Mon système de prix était basé sur différents facteurs. Si vous me préveniez assez tôt et qu’il n’y avait que quelques pages, je pouvais le faire pour 25 dollars. Mais si je devais lire un livre ou au moins faire semblant de l'avoir lu, le prix grimpait. Le désespoir jouait aussi : si je savais que, quoi qu’il arrive, vous ne le feriez pas vous-même, alors je facturais beaucoup plus cher, plus de 100 dollars par exemple.

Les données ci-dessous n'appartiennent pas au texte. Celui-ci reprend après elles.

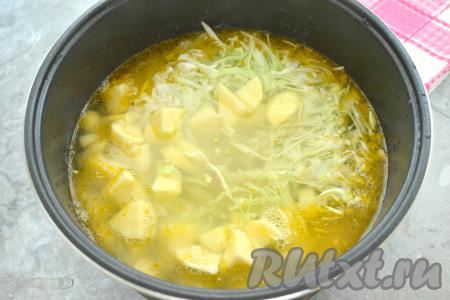 Содержимое чаши мультиварки заливаем 2 литрами воды, по вкусу солим.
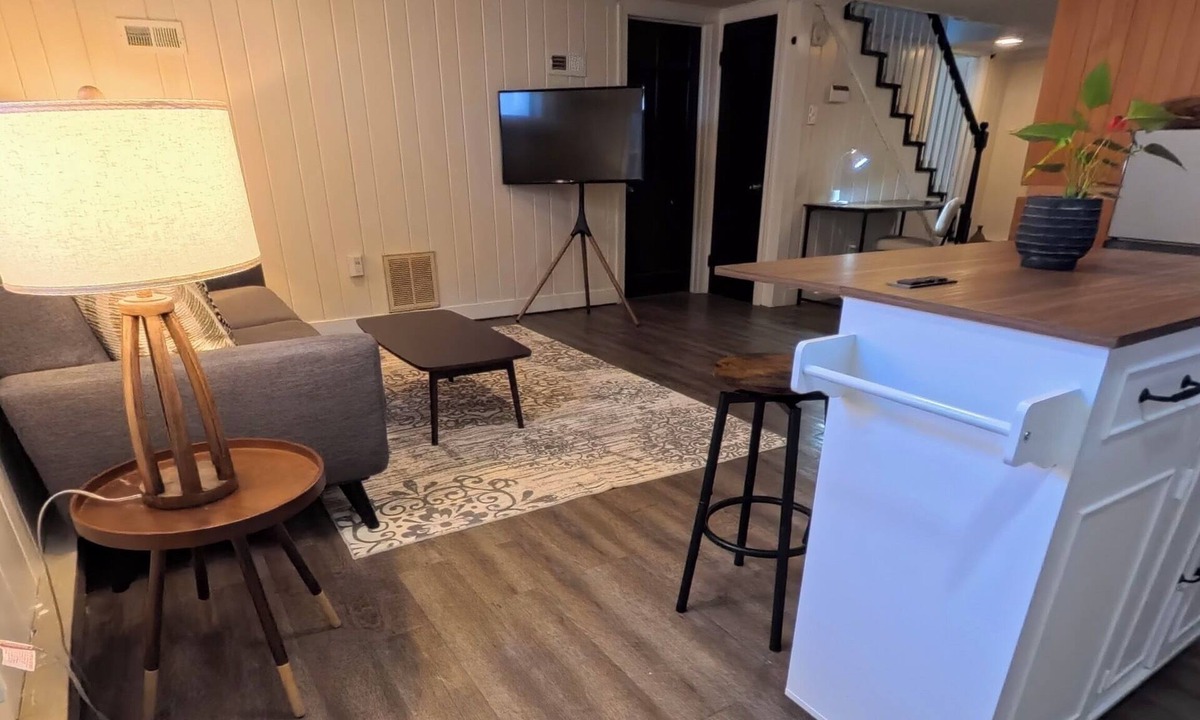 Chamberlayne Apartment | Private Basement Apartment Suite w/Sauna & Workspace- Traveling Professionals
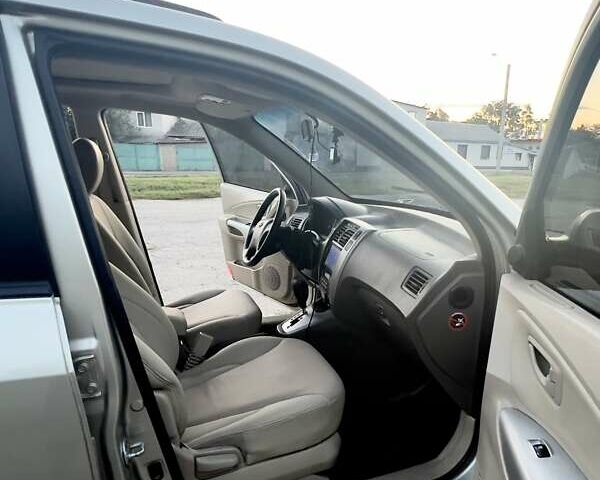 Бежевый Хендай Туксон, объемом двигателя 1.98 л и пробегом 158 тыс. км за 8500 $, фото 12 на Automoto.ua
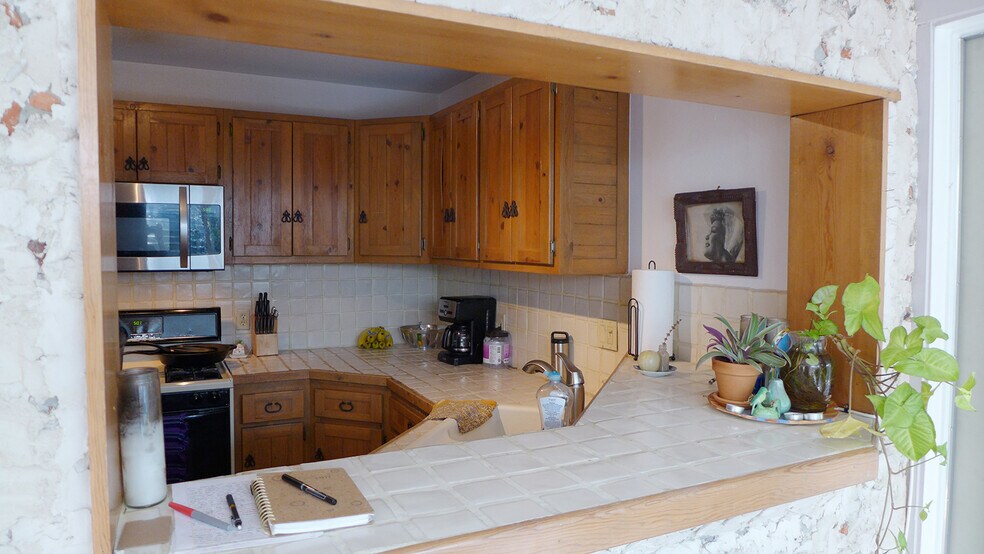 Building Photo - 310 West Mistletoe Avenue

Ma mission préférée a été pour un ami, qui encore aujourd’hui est probablement la personne la plus défoncée de la Terre. C'était pour un cours de management sportif. Ce n'était pas difficile du tout, et c'était à rendre quelques jours plus tard, mais je savais qu’il n'y avait aucune chance qu'il le fasse, ou du moins qu’il le ferait mal. Je lui ai dit : « Donne-moi 60 dollars d'avance, et quelle que soit ma note, ce sera le coût total. » Il a eu la meilleure note. La meilleure paie que j’ai eue, c'était 400 dollars pour un devoir de dix pages à rendre le lendemain et qui nécessitait une bibliographie etc. J’ai aussi demandé au mec un Adderall, pour que je puisse le faire à la bibliothèque. Il y a eu pas mal d’Adderall impliqué dans le processus.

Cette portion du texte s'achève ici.